Clarification on external tool launch flow

av Paul Tyson -
Antall svar: 3

We're implementing an LTI-compliant tool. We don't have any experience with Moodle or LTI, but do know about various OIDC authentication flows.

Does the Moodle external tool launch flow look like Figure 7 in the LTI security spec? The end user (who has presumably authenticated with Moodle) will be prompted again to login at the tool using Moodle as the OIDC provider. Then Moodle will construct an id_token with complete launch parameters and send to the tool.

If this isn't right, can you describe the flow in some technical detail? Or point to any Moodle technical documentation describing the LTI integration.

Gjennomsnittlig vurdering: -
Som svar til Paul Tyson

Re: Clarification on external tool launch flow

av Tim Hunt -
Bilde av Core developers Bilde av Documentation writers Bilde av Particularly helpful Moodlers Bilde av Peer reviewers Bilde av Plugin developers
Note that LTI is a standard that can be used to launch a tool from any LMS. So, you should not ask "Does Moodle ...", you should ask "Does the tool consumer ...".

Of course, Moodle is free, so I guess it is a useful option to test the tool you are developing with.
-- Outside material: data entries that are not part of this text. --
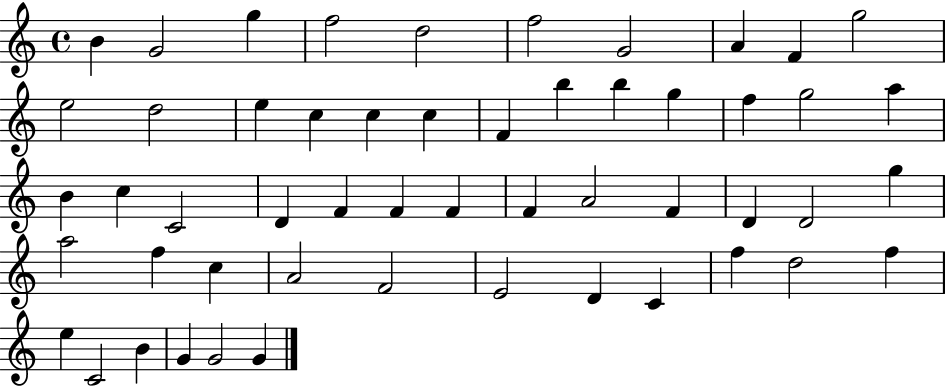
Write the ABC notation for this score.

X:1
T:Untitled
M:4/4
L:1/4
K:C
B G2 g f2 d2 f2 G2 A F g2 e2 d2 e c c c F b b g f g2 a B c C2 D F F F F A2 F D D2 g a2 f c A2 F2 E2 D C f d2 f e C2 B G G2 G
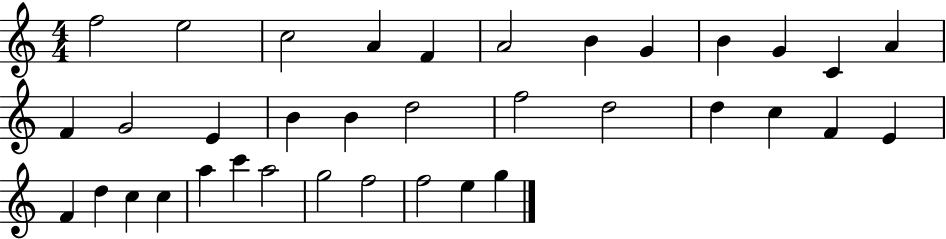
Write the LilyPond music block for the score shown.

{
  \clef treble
  \numericTimeSignature
  \time 4/4
  \key c \major
  f''2 e''2 | c''2 a'4 f'4 | a'2 b'4 g'4 | b'4 g'4 c'4 a'4 | \break f'4 g'2 e'4 | b'4 b'4 d''2 | f''2 d''2 | d''4 c''4 f'4 e'4 | \break f'4 d''4 c''4 c''4 | a''4 c'''4 a''2 | g''2 f''2 | f''2 e''4 g''4 | \break \bar "|."
}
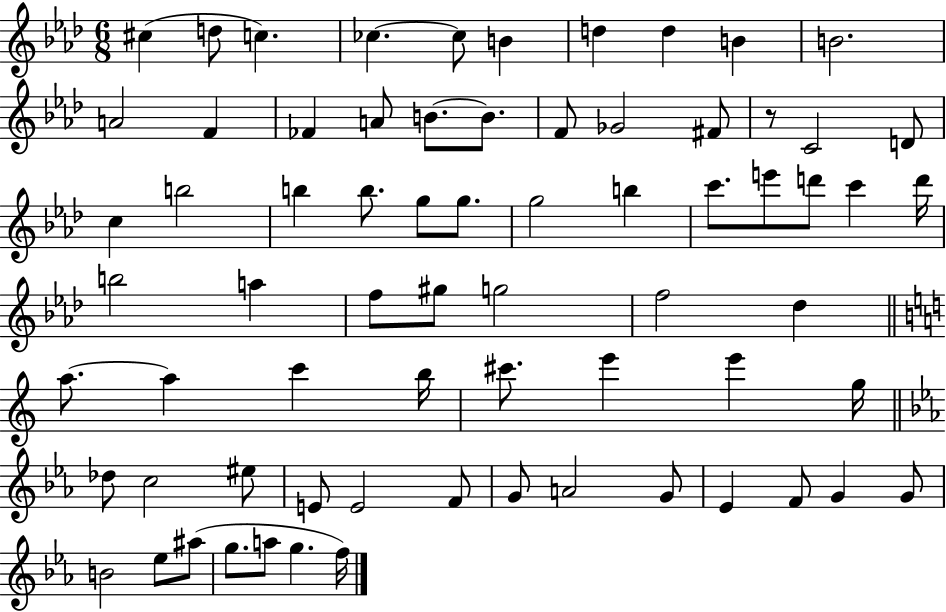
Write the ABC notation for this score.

X:1
T:Untitled
M:6/8
L:1/4
K:Ab
^c d/2 c _c _c/2 B d d B B2 A2 F _F A/2 B/2 B/2 F/2 _G2 ^F/2 z/2 C2 D/2 c b2 b b/2 g/2 g/2 g2 b c'/2 e'/2 d'/2 c' d'/4 b2 a f/2 ^g/2 g2 f2 _d a/2 a c' b/4 ^c'/2 e' e' g/4 _d/2 c2 ^e/2 E/2 E2 F/2 G/2 A2 G/2 _E F/2 G G/2 B2 _e/2 ^a/2 g/2 a/2 g f/4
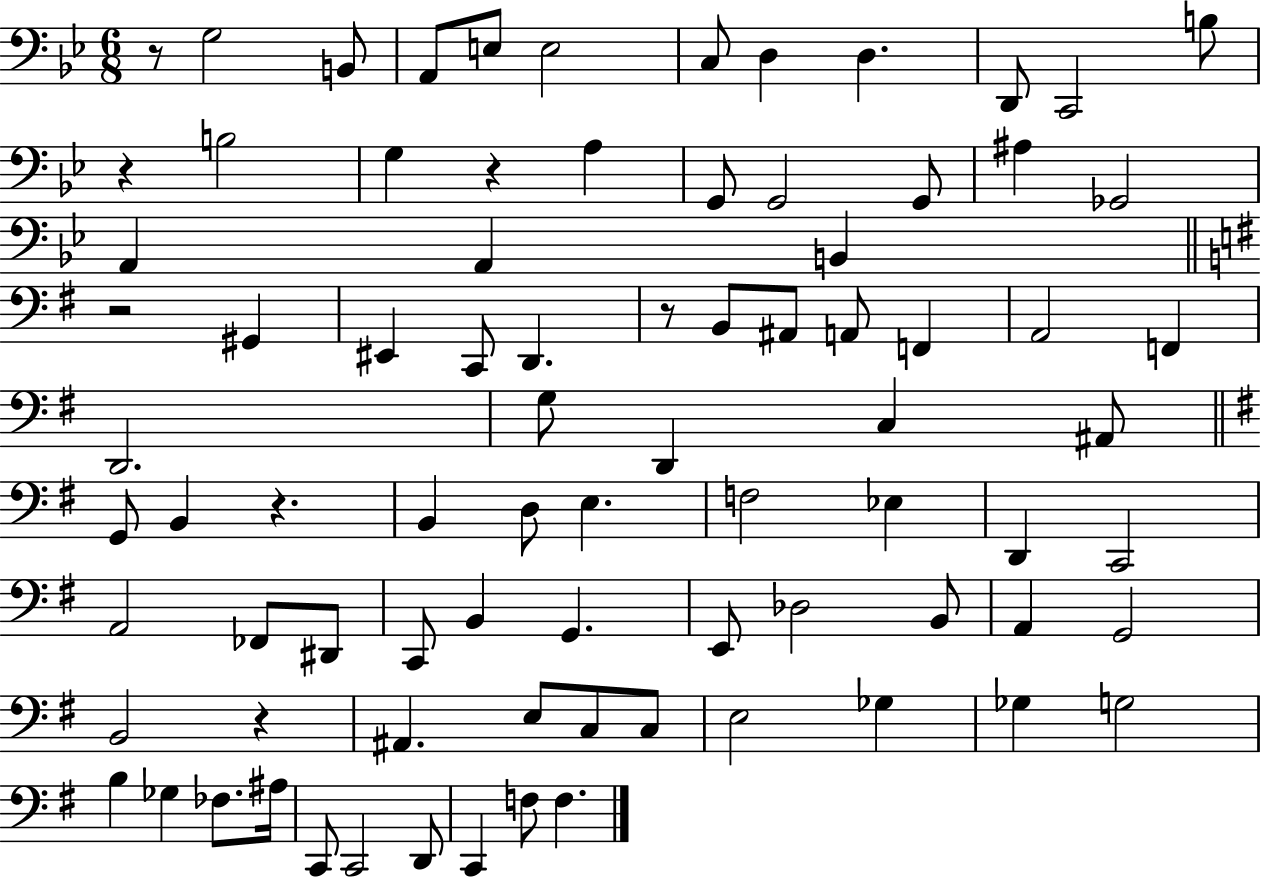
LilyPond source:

{
  \clef bass
  \numericTimeSignature
  \time 6/8
  \key bes \major
  \repeat volta 2 { r8 g2 b,8 | a,8 e8 e2 | c8 d4 d4. | d,8 c,2 b8 | \break r4 b2 | g4 r4 a4 | g,8 g,2 g,8 | ais4 ges,2 | \break a,4 a,4 b,4 | \bar "||" \break \key e \minor r2 gis,4 | eis,4 c,8 d,4. | r8 b,8 ais,8 a,8 f,4 | a,2 f,4 | \break d,2. | g8 d,4 c4 ais,8 | \bar "||" \break \key e \minor g,8 b,4 r4. | b,4 d8 e4. | f2 ees4 | d,4 c,2 | \break a,2 fes,8 dis,8 | c,8 b,4 g,4. | e,8 des2 b,8 | a,4 g,2 | \break b,2 r4 | ais,4. e8 c8 c8 | e2 ges4 | ges4 g2 | \break b4 ges4 fes8. ais16 | c,8 c,2 d,8 | c,4 f8 f4. | } \bar "|."
}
The whole point of LTI is that the user will not be prompted again to log in. I should appear seamless.

My suggestion to help you understand this is to find a existing (free) LTI tool, and connect it to a test Moodle install (you could use the test site at https://sandbox.moodledemo.net/). Then go in as a student and launch the tool, while watching the Network tab in the web browser developer tools. That will show you what then launch is.
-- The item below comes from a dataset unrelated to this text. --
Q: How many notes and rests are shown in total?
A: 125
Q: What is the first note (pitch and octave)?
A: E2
I don't know of a good free LTI tool to recommend for testing this, but while I was searching for one, I fould this, which might be helpful: https://github.com/SanDiegoCodeSchool/lti-node-example
Som svar til Paul Tyson

Re: Clarification on external tool launch flow

av John Doyle -
Building on Tim's tips:
  • Yes, Moodle follows the auth flow in the spec you referenced
  • Yes, the user is typically already authenticated/logged-in on the Moodle/platform side when using an LTI tool (external tool) and it isn't common for the user to manually login to the tool separately as part of the LTI 1.3/OIDC flow
    • The tool still controls what's required after successful LTI auth in order to interact with the requested tool resources/content/etc.
    • Example: the LTI resource request sent after the LTI auth will include user data. This data can be used to create a user account on the tool side, lookup/find an existing user, assign the right role/capabilities to a user, etc. But perhaps something else is required, like tool-specific profile info or a tool-specific code to access a resource, before the resource can be served. The tool would handle these situations with direct user interaction.
  • Even with the public standard/specs, tool can't assume every standard LTI 1.3 request or situation will be handled perfectly by every platform, even when intent is there. Sometimes there's a tool issue, sometimes a platform issue.
    • Suggestion: Test the tool on multiple platforms before a prod launch - or at least test it on the platform(s) your customers/prospects will be using most frequently - Moodle, Canvas cloud or community, D2l/Brightspace, Schoology, Blackboard,etc. 
  • Any mention above of platform = LTI tool consumer, but not oAuth/OIDC consumer.  LTI 1.1 uses tool consumer, 1.3 uses  platform to avoid conflict with the oAuth/OIDC consumer - more info here

Hope it goes well!

Som svar til John Doyle

Re: Clarification on external tool launch flow

av Paul Tyson -
Tim and John, thanks for the helpful replies.

We use Spring Security framework to implement authentication. In our use cases so far we haven't needed the OIDC implicit flow, and it looks like Spring6 has removed support for it.
 
It seems like supplying a bearer token in the Authorization header of the tool launch request would be the cleanest way to do this, but the LTI specs don't mention this (that I've found).